The price of a specialist skill - krmmalik
http://blog.patchspace.co.uk/lesson-learnt-the-price-of-the-specialist-ski

======
Unosolo
Well, maybe it was a really good thatcher but certainly not very skilled in
running thatching projects and hence is punished by the market and driven out
of the business. There are several ways how he could have avoided the
situation or softened its impact:

1) Spend a bit of time and energy to assess the damage first, maybe charging a
small fee. Essentially, as I understand, the owner had a choice of re-
thatching the roof or opting for tiles instead as a substitute. The decision
would depend on the economic expediency and the information provided as part
of the initial assessment would have had value to the home owner in its own
right.

2) Once the contract is signed it's not a matter of choice for the thatcher
whether to continue with repairs on own expense, it a legal matter that can be
in-forced by the cottage owner through court.

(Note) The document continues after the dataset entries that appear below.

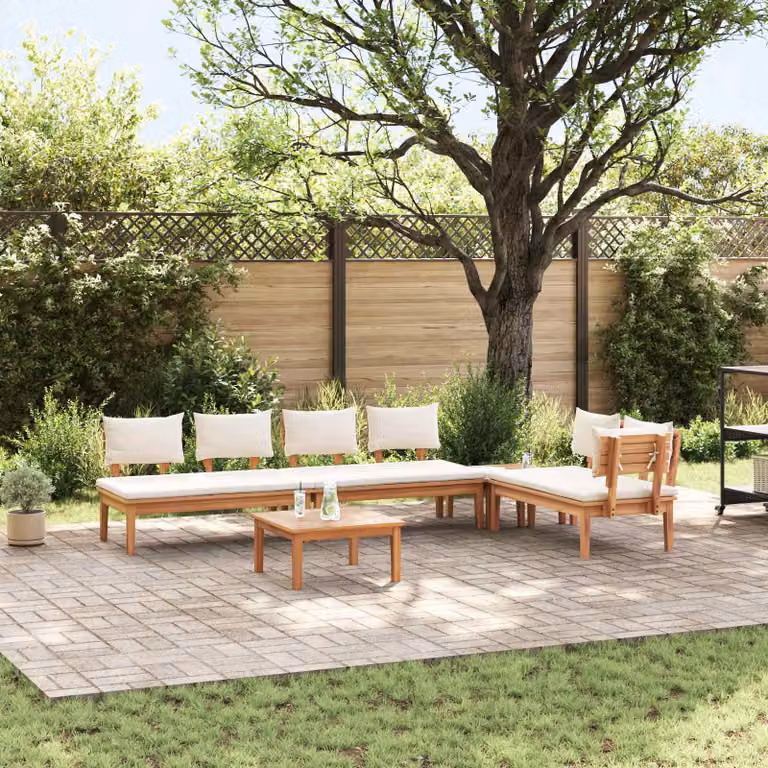 Set Divano da Giardino a L vidaXL 5 pz in Legno di Teak Marrone e Beige con Tavolino e Cuscini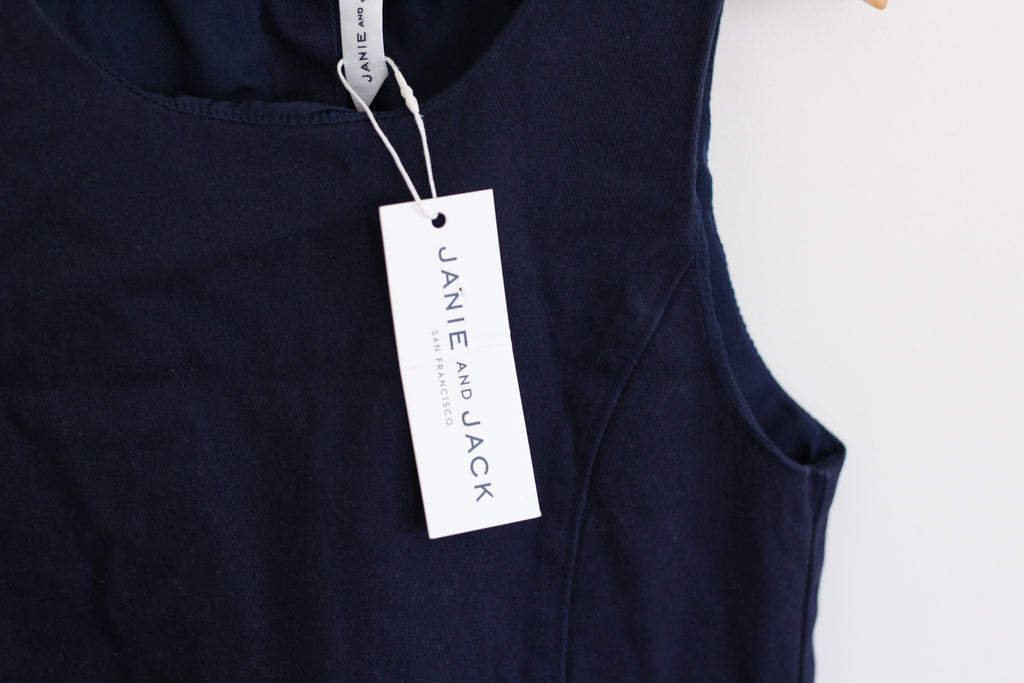 Janie + Jack Sailor Button Navy Blue Jumper - size 10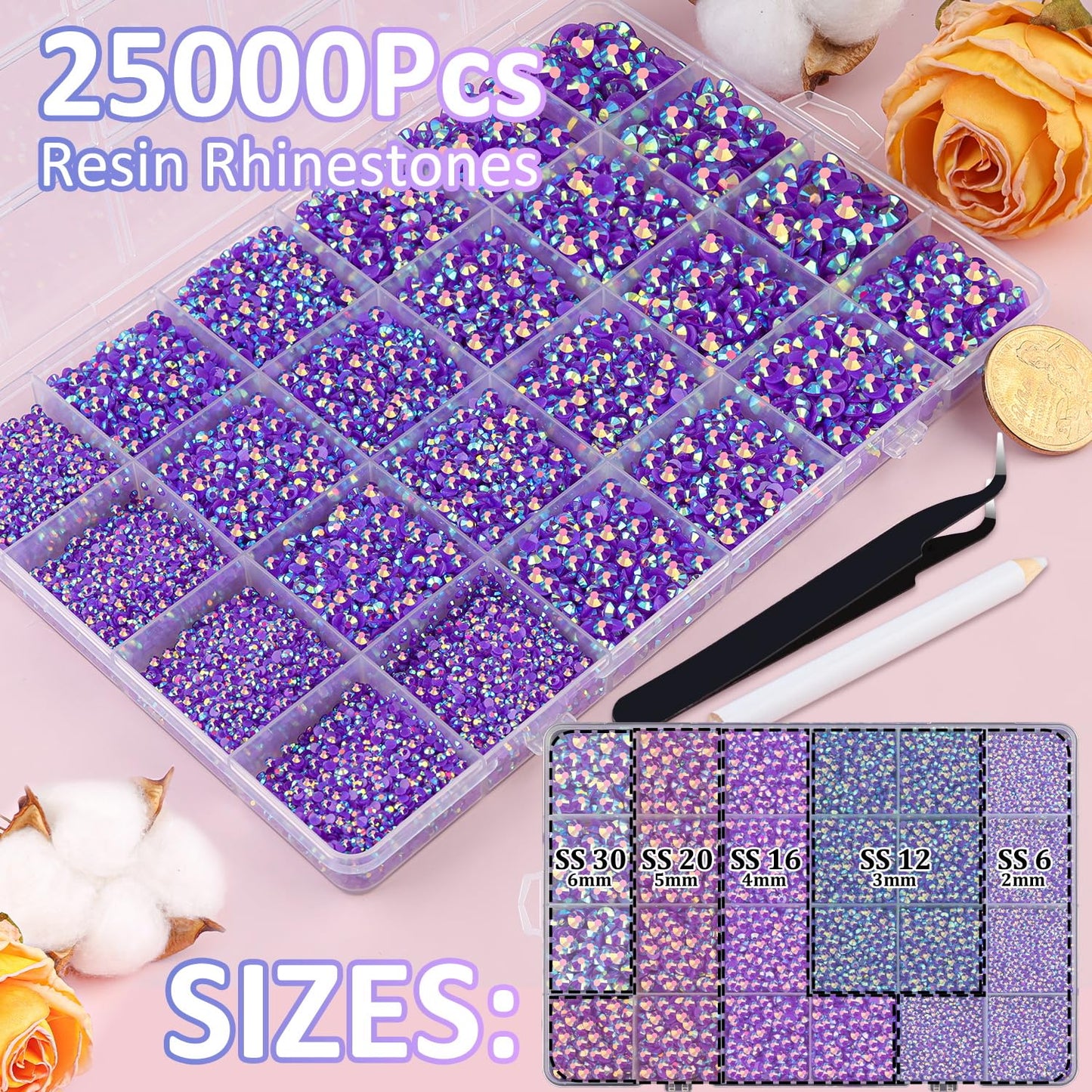 25000Pcs Resin Jelly Rhinestones with Tweezers for Crafting, Dark Purple AB Flatback Gems, Bedazzling Crystal with 3Pcs 10ml B7000 Jewelry Glue for DIY Crafts Clothing Tumblers Shoes Fabric Nail Art-Velvo Beauty
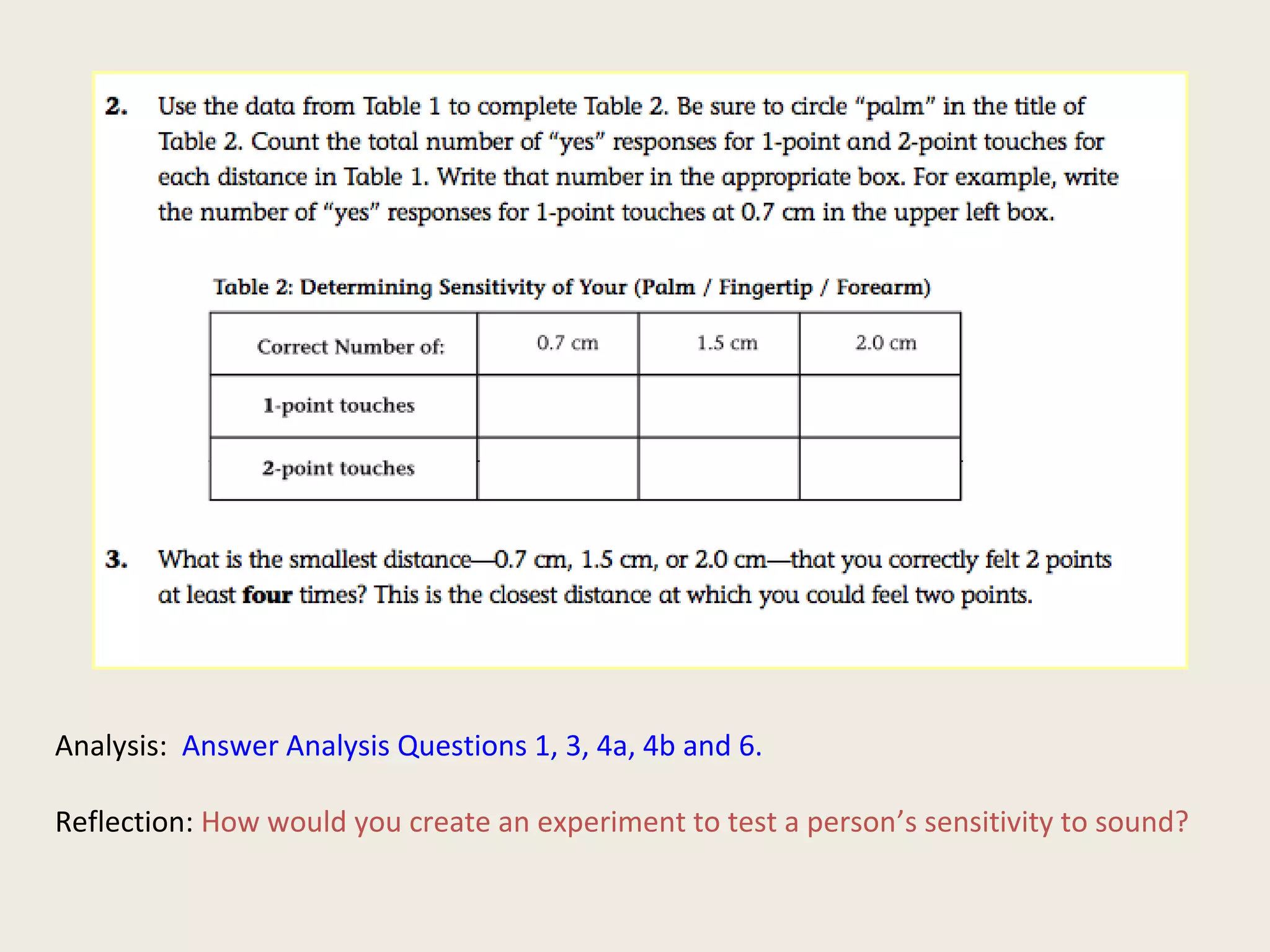 Analysis: Answer Analysis Questions 1, 3, 4a, 4b and 6.
Reflection: How would you create an experiment to test a person’s sensitivity to sound?
 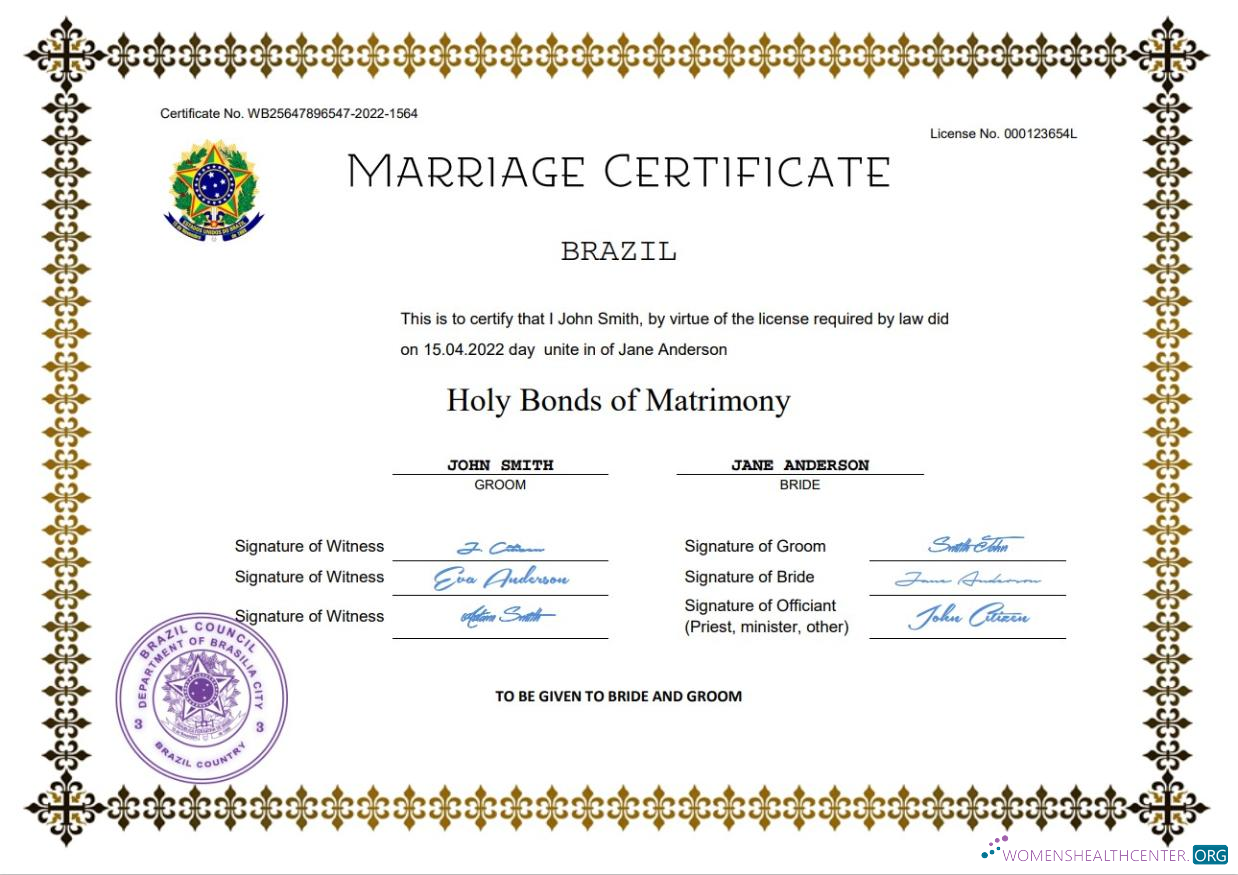 Профессиональный Скачать Бразилия Marriage Certificate Word и PDF Шаблон Photoshop Шаблон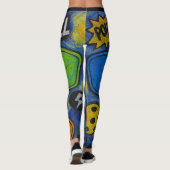 Leggings Pickleball Comic Burn Style Starry (Dos)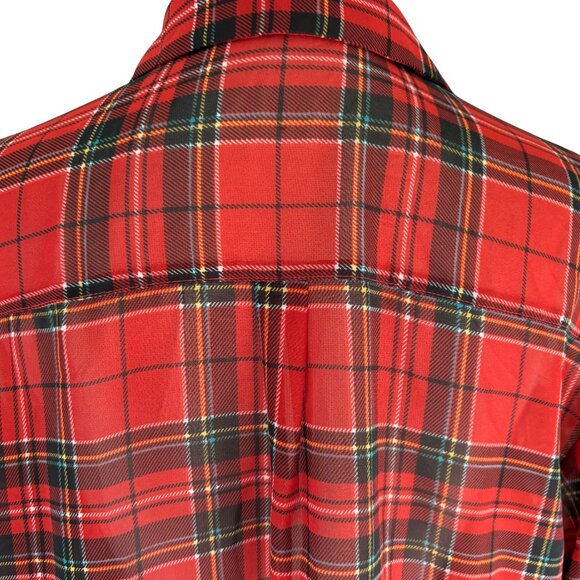 Decree Red Plaid Button Up Shirt Size Large Lightweight Long Sleeve Top - Picture 2 of 8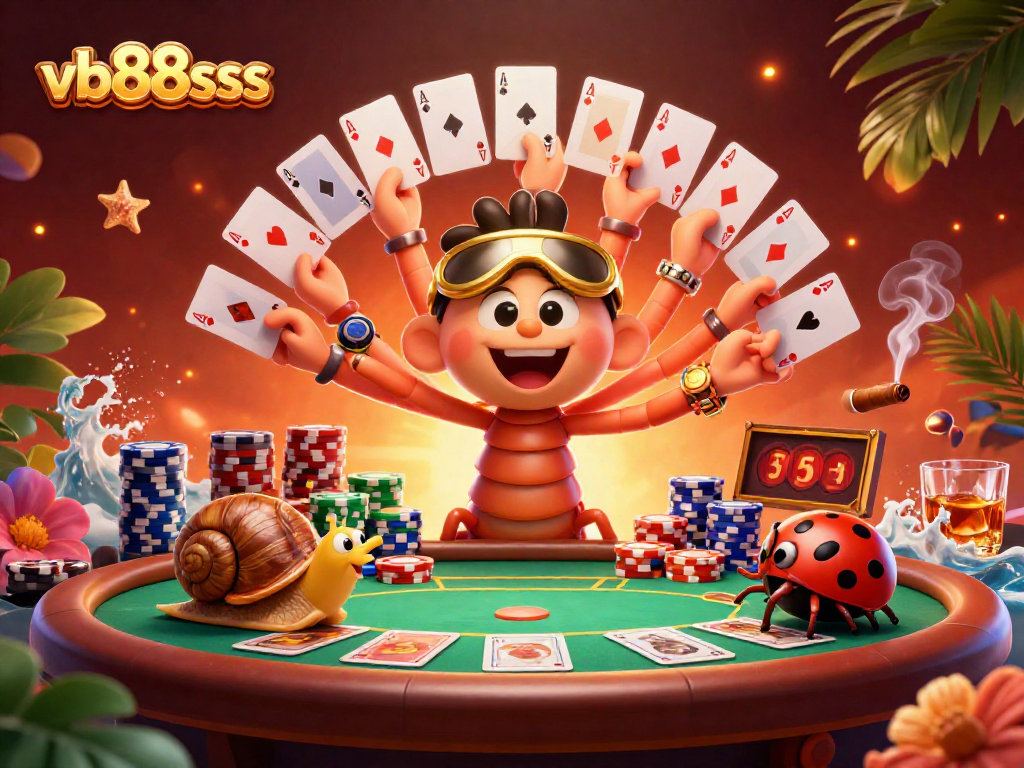 Engage in thrilling betting with vb88sss at an action-packed poker scene featuring a dynamic 3D cartoon dealer and players.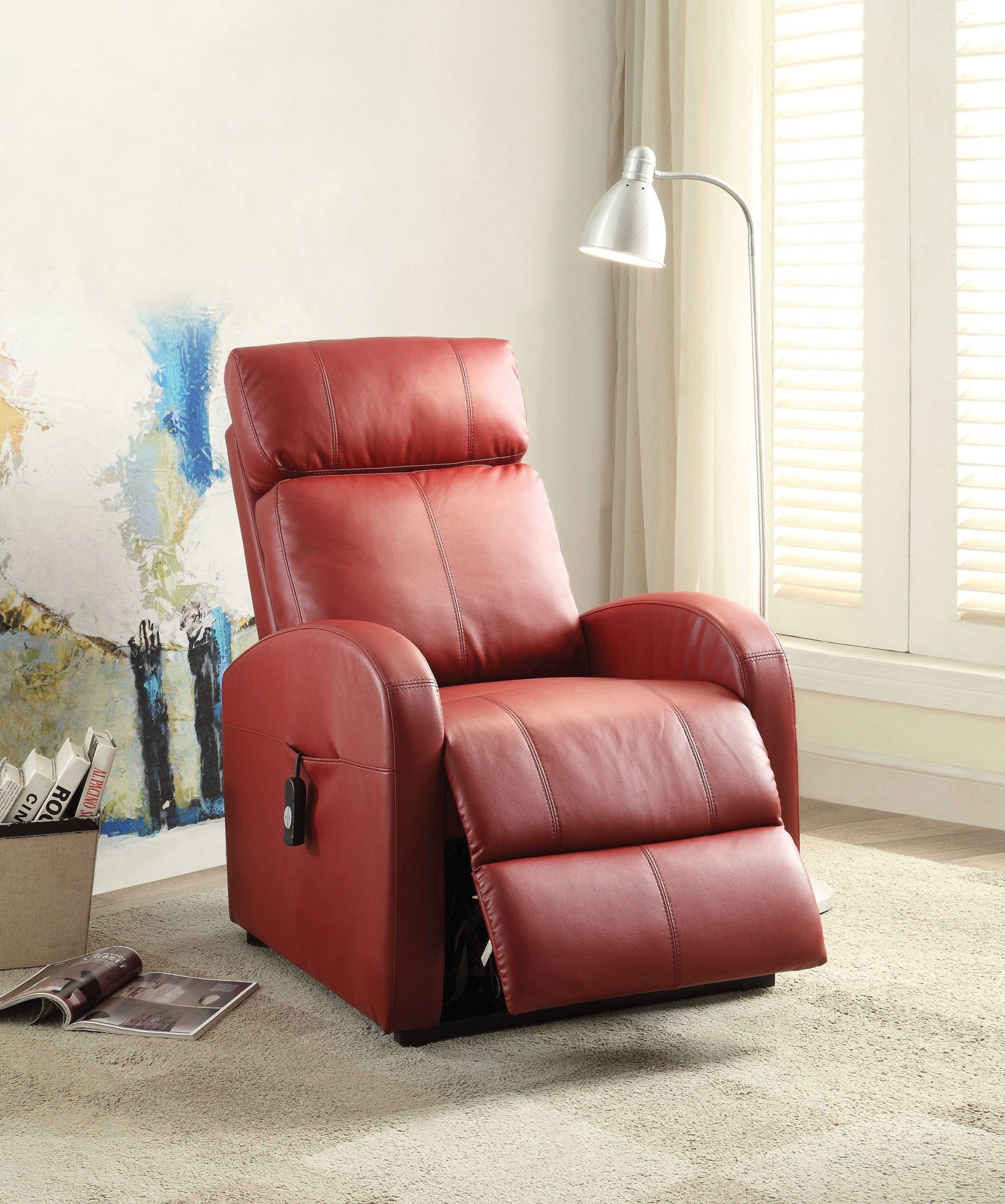 Faux Leather Power Motion Lift Recliner In Red - Homeroots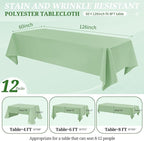 12 Pack Sage Green Tablecloths for Rectangle Tables 60 x 126 Inch Sage Green Polyester Tablecloth 8 Foot Rectangle Table Cloth Washable Fabric Table Cover for Party Wedding Banquet Restaurant Events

3) The thatcher could have bought professional indemnity insurance to delegate
the risk to a third party.

4) The thatcher could have signed the contract on time and materials basis,
explicitly leaving the risk of additional work with the cottage owner. In this
case it would only be right for the thatcher to let someone else assess the
damage for the customer to avoid the conflict of interests.

5) Finally the thatcher could have done the work on project basis charging
more for the risk he takes and then hope that over a series of engagements he
will still be able to make profit. As a variation he could have specified a
contingency within his initial estimate agreeing with the customer that the
contingency can only be exercised based on customer discretion should
additional work becomes apparent upon stripping.

The problem here is lack of generic project management skills and experience
on the thatcher's side and specifically estimation, contract and risk
management.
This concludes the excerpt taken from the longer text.